Well, I do hope all of us are enthusiastic Christians. Are you?

But (there’s always a but, isn’t there?) enthusiasm can also be dangerously misguided - witness the religious extremists who murder in God’s name. Even a good enthusiasm can burn out quickly, like a spectacular firework. It can be unrealistic, even a bit romantic. And that’s the case here, as Jesus encounters this teacher of the law.

In an outburst of enthusiasm, this man promises to go with Jesus to the very ends of the earth: "I will follow you wherever you go". Now, that's saying a lot! Can you see his eyes gleaming?

It's interesting how Jesus replies. Perhaps better, it's interesting how he doesn't reply. He doesn't say, "That's really wonderful! Just collect your toothbrush and we'll be on our way." And neither does he say, "Don't be so silly! There's no way you're ready for such a big step; go home and think it through properly and come and talk to me again in six months."

No. He looks him right in the eye (or so I imagine, anyway) and pronounces, rather mysteriously: "Foxes have holes and birds of the air their nests, but the Son of Man [that's himself, of course] has nowhere to lay his head..."
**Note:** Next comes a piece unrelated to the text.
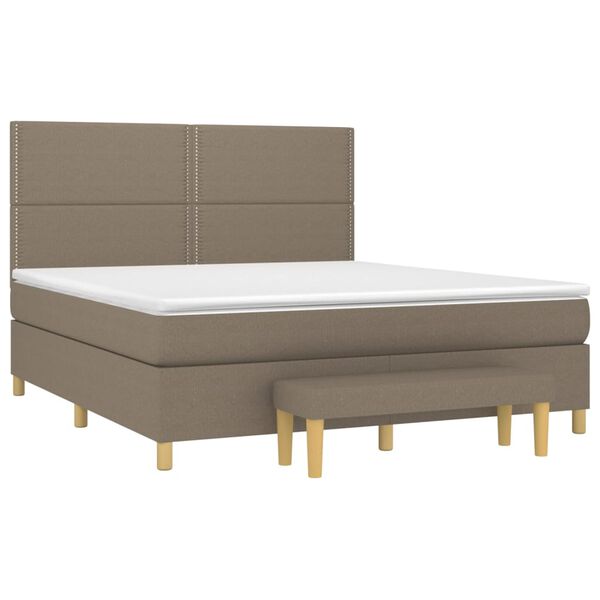 vidaXL Sommier &agrave; lattes de lit avec matelas Taupe 180x200 cm Tissu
As if to say, "Well, I'm very glad to hear what you say, but are you sure you know what you're letting yourself in for? Are you prepared for a life on the road, a life of discomfort and hardship? Are you prepared to be worse off, in certain respects, than even the foxes and the birds? Are you prepared for the long haul? Are you prepared for the hard haul?"

I wonder what the man did? We aren't told. But perhaps that's the point. What became of him isn't really what matters. What matters is what becomes of us. How do we respond to the call of Jesus?
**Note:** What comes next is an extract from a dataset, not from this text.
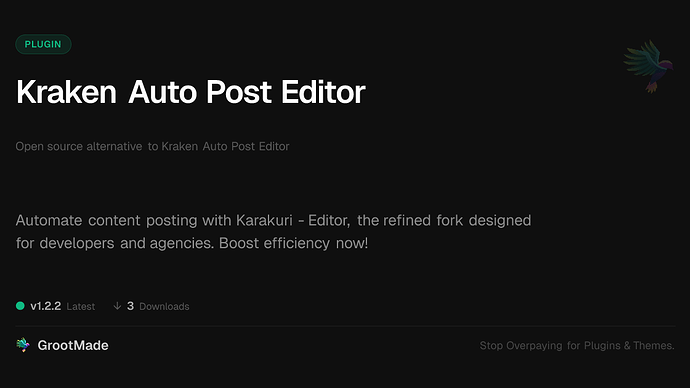 Kraken Auto Post Editor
In following Jesus, as in so many other far lesser things, what really matters is not so much how we start, but whether we carry on. Any reasonably fit person can complete a 100 metre sprint; but it's a marathon that Jesus calls us to. It's ultimately well worth it, let's not be in doubt about that. But don't let's imagine it's easy - not until this earthly life is over. As somebody once said, the key thing about the Christian life is to keep on keeping on.
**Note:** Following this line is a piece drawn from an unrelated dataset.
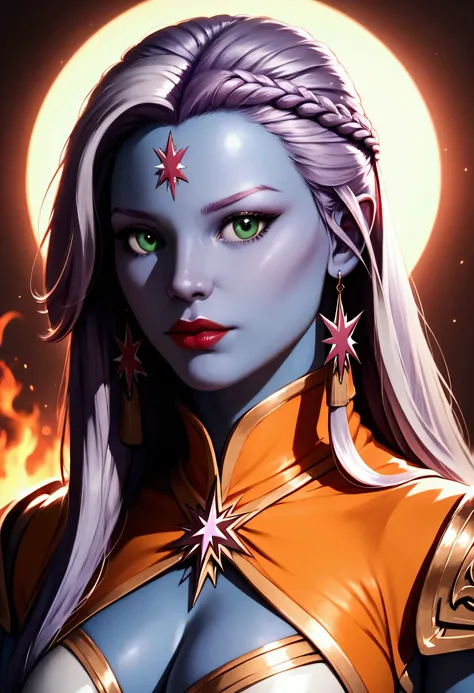 score_9, score_8_up, score_7_up, score_6_up, score_5_up, score_4_up, fantasy art, dnd art, RPG art, wide shot,  an intense details, highly detailed, photorealistic, best quality, highres, facial portrait a female, (( dark blue skin)), intense details facia...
So let me ask a question. Are you thinking about becoming a Christian? That’s great - I really hope you will. But please do so with your eyes wide open. The Jesus who calls you to follow him also calls you to take up your cross in doing so.

Another question. Are you a new convert to Jesus? Yes? Well, I hope you are enjoying that first joy of knowing the living God through faith in Jesus. But you do realise, don’t you, that there will be hard days ahead? Are you prepared for that?

Yet another question. Have you been a strong Christian many years? That’s wonderful. I trust you have many precious experiences to look back on. But don’t forget... What matters is to maintain that enthusiasm right to the very end. Don’t rest! - not until that great day comes when you see Jesus face to face.
Oh God, I wish I was more enthusiastic for Christ. Please help me, by your Spirit, to be so. Help me too to make sure that my enthusiasm is a steady shining light and not just a dazzling firework. Amen.

Thursday, 25 June 2015

Angry love

Come now, let us reason together," says the Lord. "Though your sins are like scarlet, they shall be as white as snow; though they are red as crimson, they shall be like wool." Isaiah 1:18

There was a football manager who was famed for giving his players the "hair-dryer treatment" when he was angry with them. It wasn’t something they enjoyed; it made them flinch.

Well, the first chapter of the long book of the prophet Isaiah is similar - fearsome stuff, a real blast of divine judgment for the people of Israel.

 "Can't you see that you are just bringing suffering on yourselves?" God shouts. "Can't you see that things are just going from bad to worse because of your stubbornness and sin? I've had enough of you! Even your supposed worship is offensive to me! Why? because it's all hypocrisy - fine on the surface, oh yes, but sheer falseness deep down. I don't want any more of it! Go away!" (And if you think I'm exaggerating, just get your Bible out and read verses 11-17; preferably aloud.)

Phew. I'm glad I wasn't around in the Jerusalem market place or temple when Isaiah first stood up to deliver this withering message from God. That football manager seems tame by comparison.

But then suddenly it all changes, when we get to this beautiful verse 18. Exactly like any loving parent who just can’t stay angry long, God makes a tender suggestion: “Look, let’s sit down and talk this thing through...”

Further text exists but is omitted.